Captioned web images
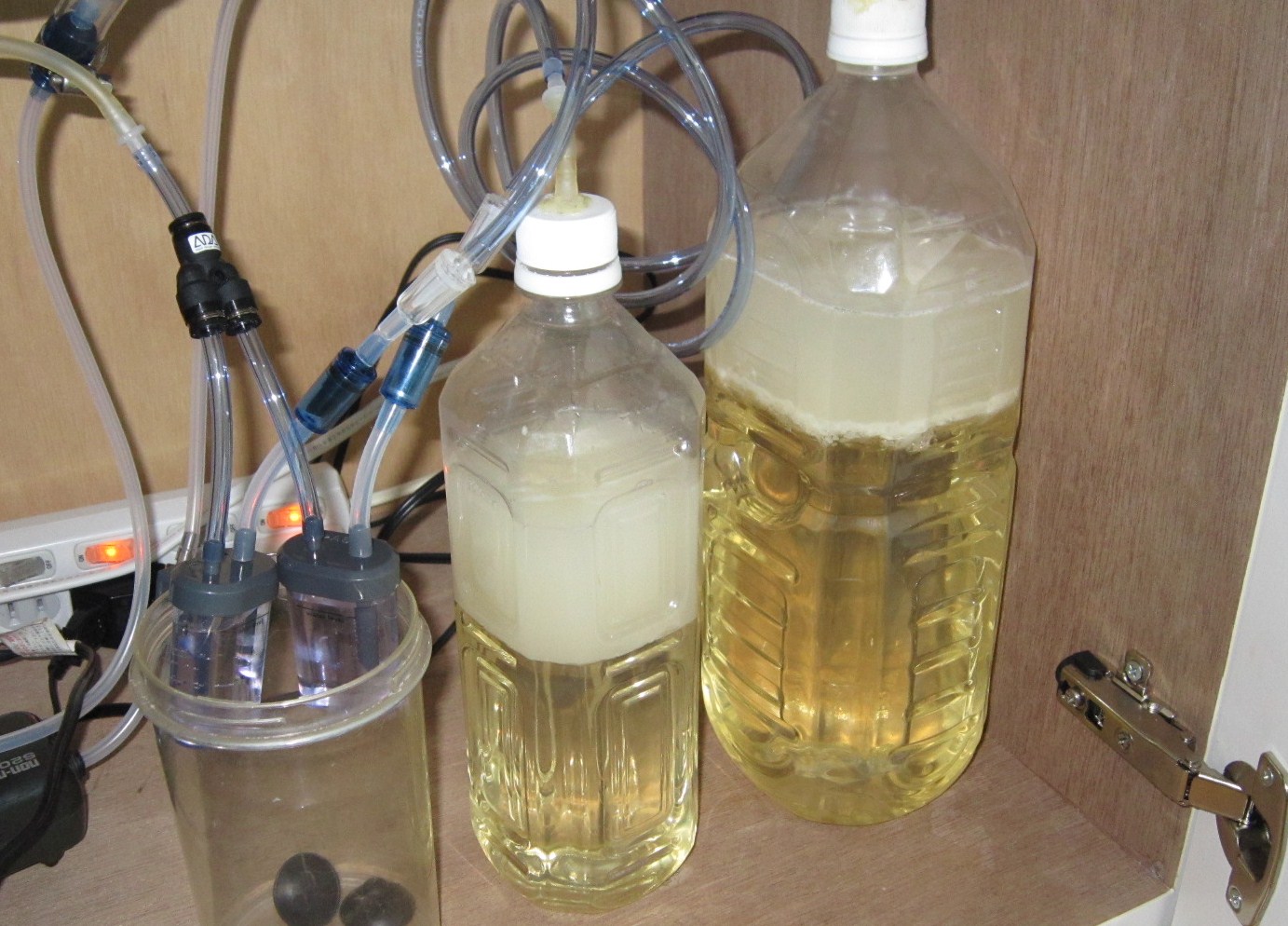 発酵式パラレル添加 ガラス箱のアクア
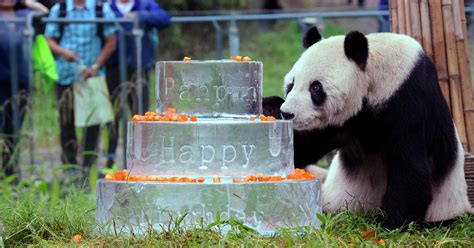 Pan Pan The Worlds Oldest Male Giant Panda Dies At 31 Huffpost Life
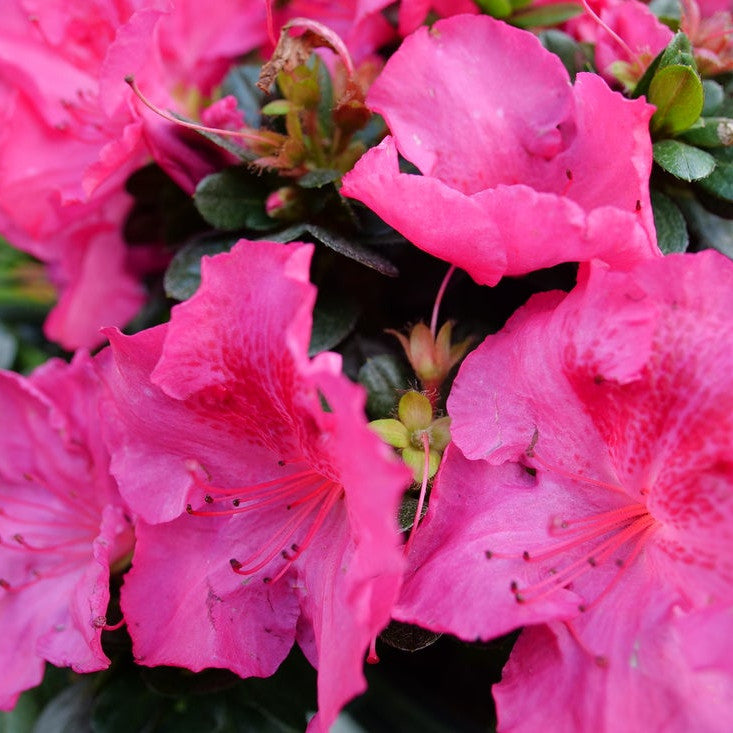 Perfecto Mundo Epic Pink Perfecto Mundo Epic Pink Reblooming Azalea up close.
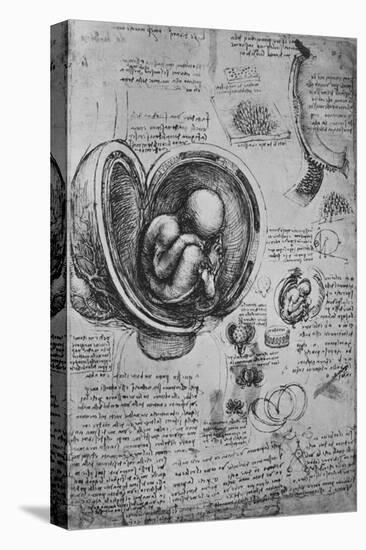 'Drawings of an Embryo in the Uterus', c1480 (1945)-Leonardo Da Vinci-Premier Image Canvas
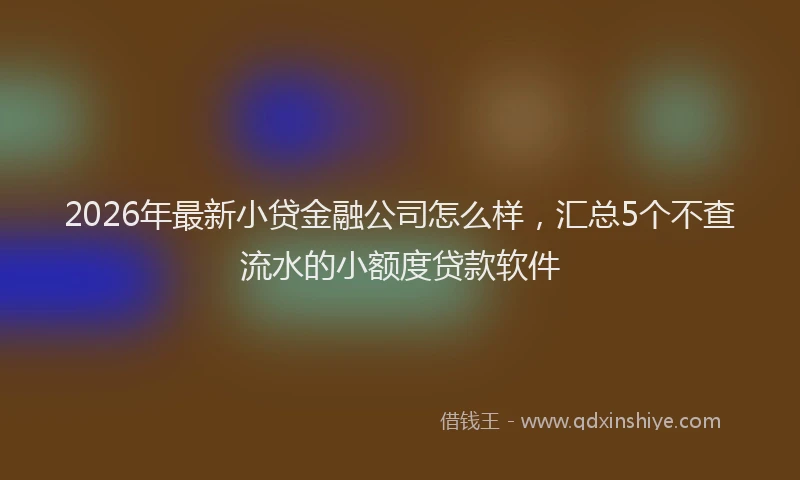 2026年最新小贷金融公司怎么样，汇总5个不查流水的小额度贷款软件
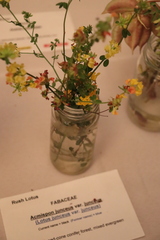 Acmispon junceus junceus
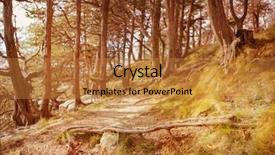  Presentation with cedar - PPT layouts with path through the cedar trees background and a gold colored foreground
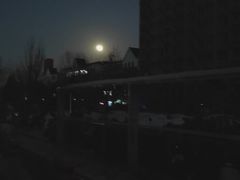 -永和大王(蛙嫩鸡香煲煲鲜·军博店)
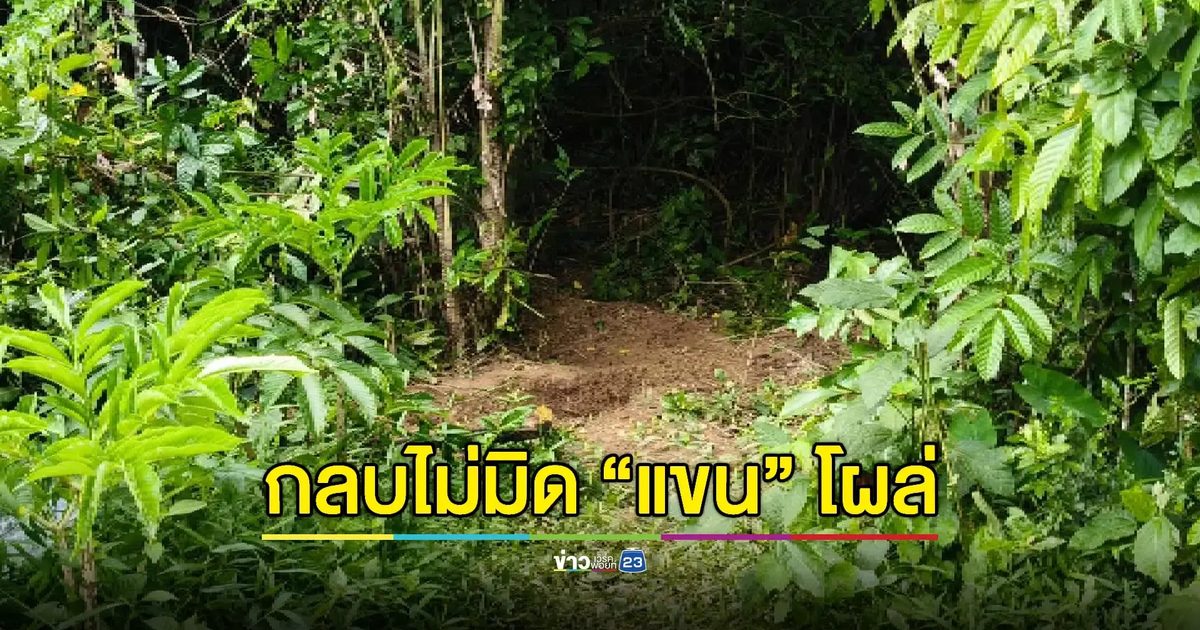 เร่งไขปมศพฝังดิน พบขุดหลุมแบบเร่งรีบ-ไม่ลึก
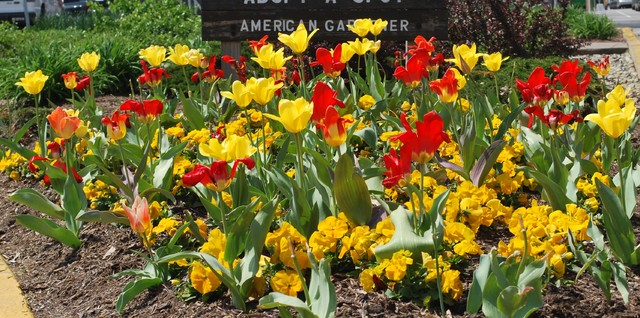Flowering Bulbs -- Tulips traditional-landscape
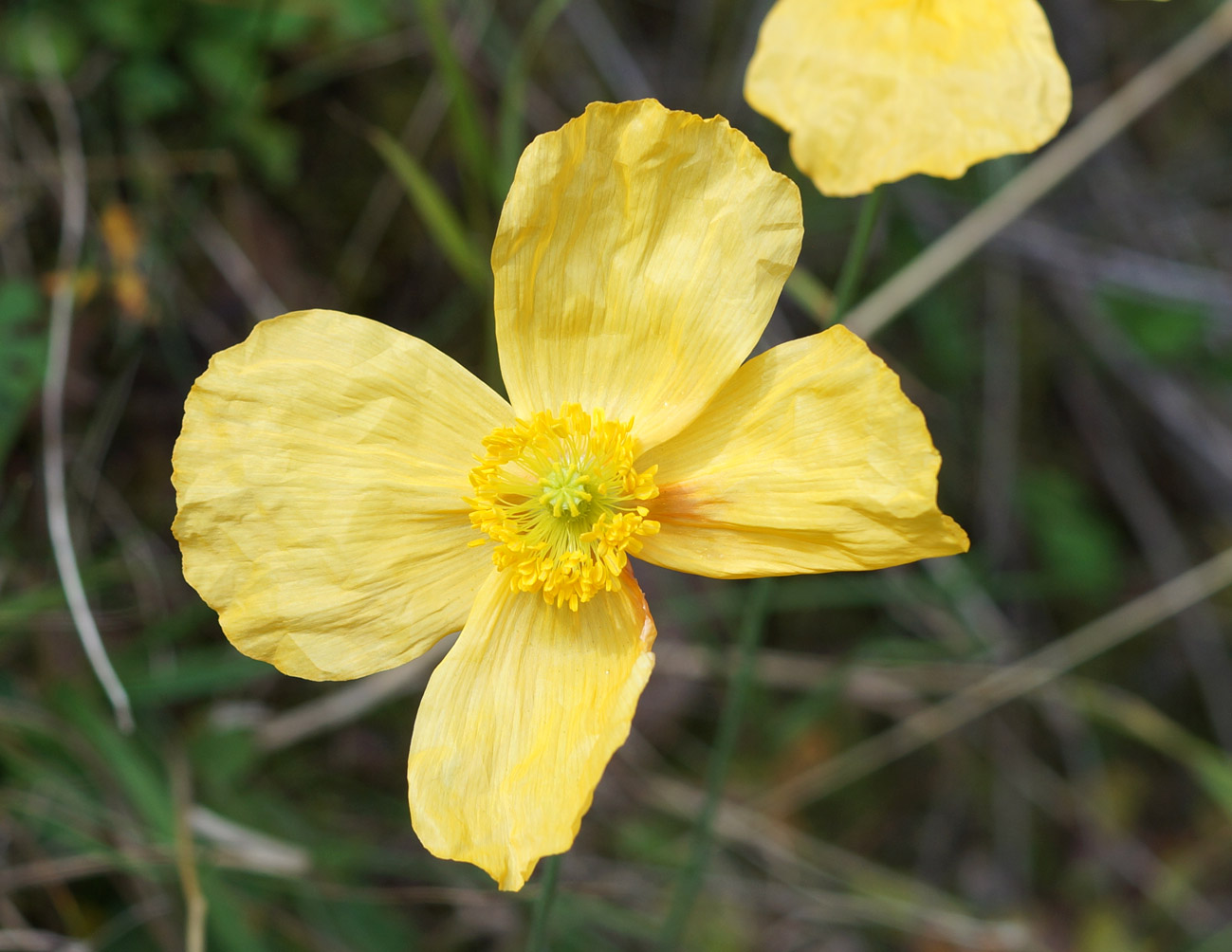 Image of Papaver croceum specimen.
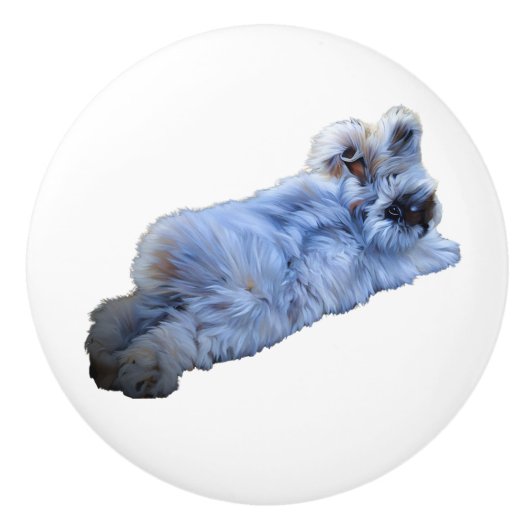 Keramische romp keramische knop (Voorkant)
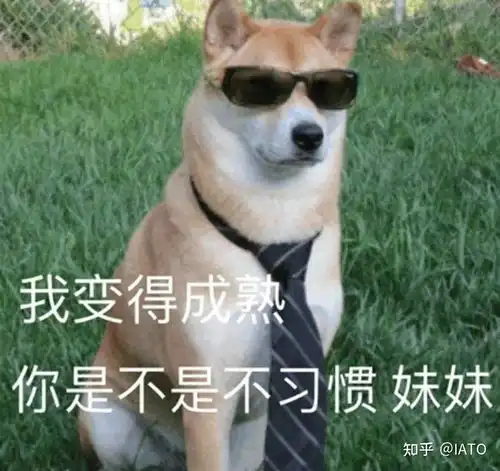 相亲谈恋爱有哪些经典话术
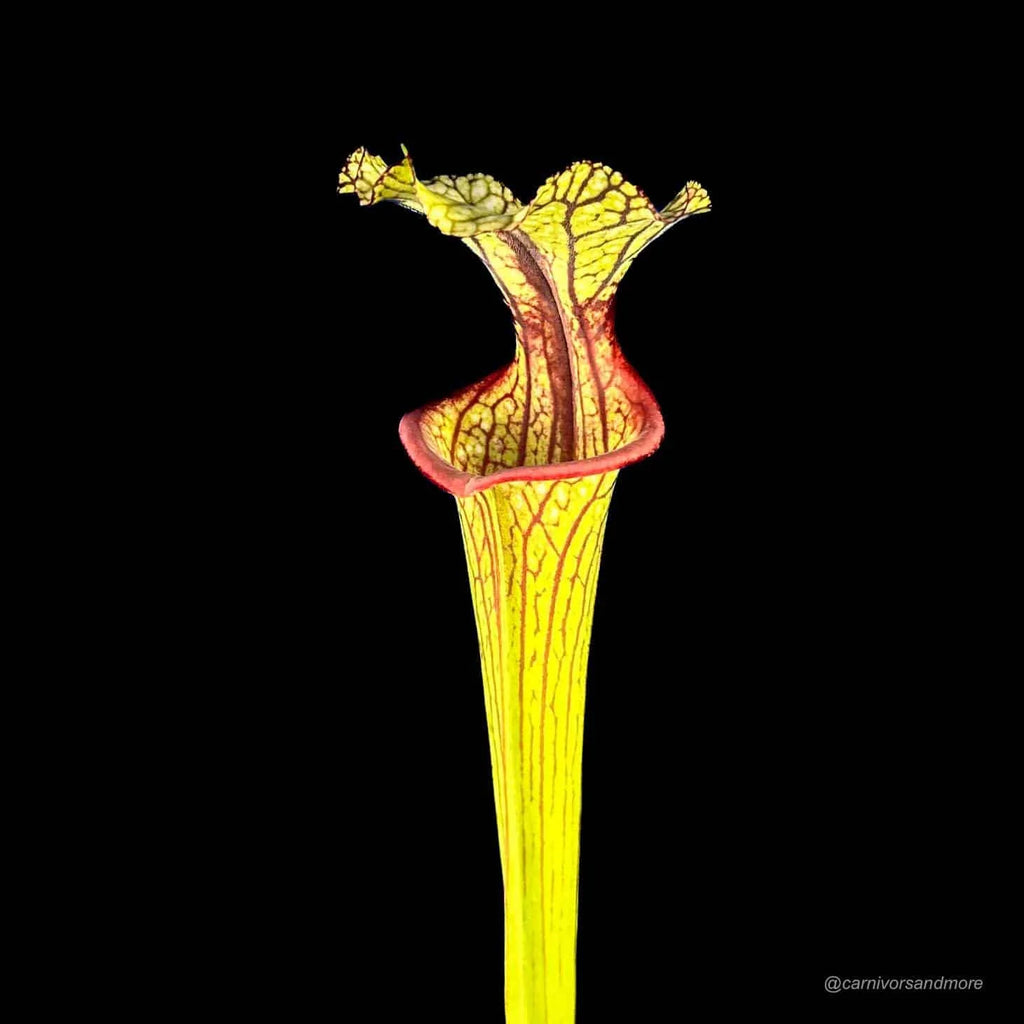 Sarracenia x Inspiration, ex Mirek Srbaﾠ 大森食虫植物農園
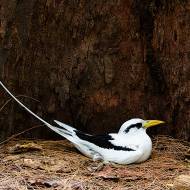 oiseaux_184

Task objective —
Once the line containing "Flowering Bulbs -- Tulips" is found, write out exactly that line and each line after it through the end of the entries, omitting pictures.

Solution to the exercise —
Flowering Bulbs -- Tulips traditional-landscape
 Image of Papaver croceum specimen.
 Keramische romp keramische knop (Voorkant)
 相亲谈恋爱有哪些经典话术
 Sarracenia x Inspiration, ex Mirek Srbaﾠ 大森食虫植物農園
 oiseaux_184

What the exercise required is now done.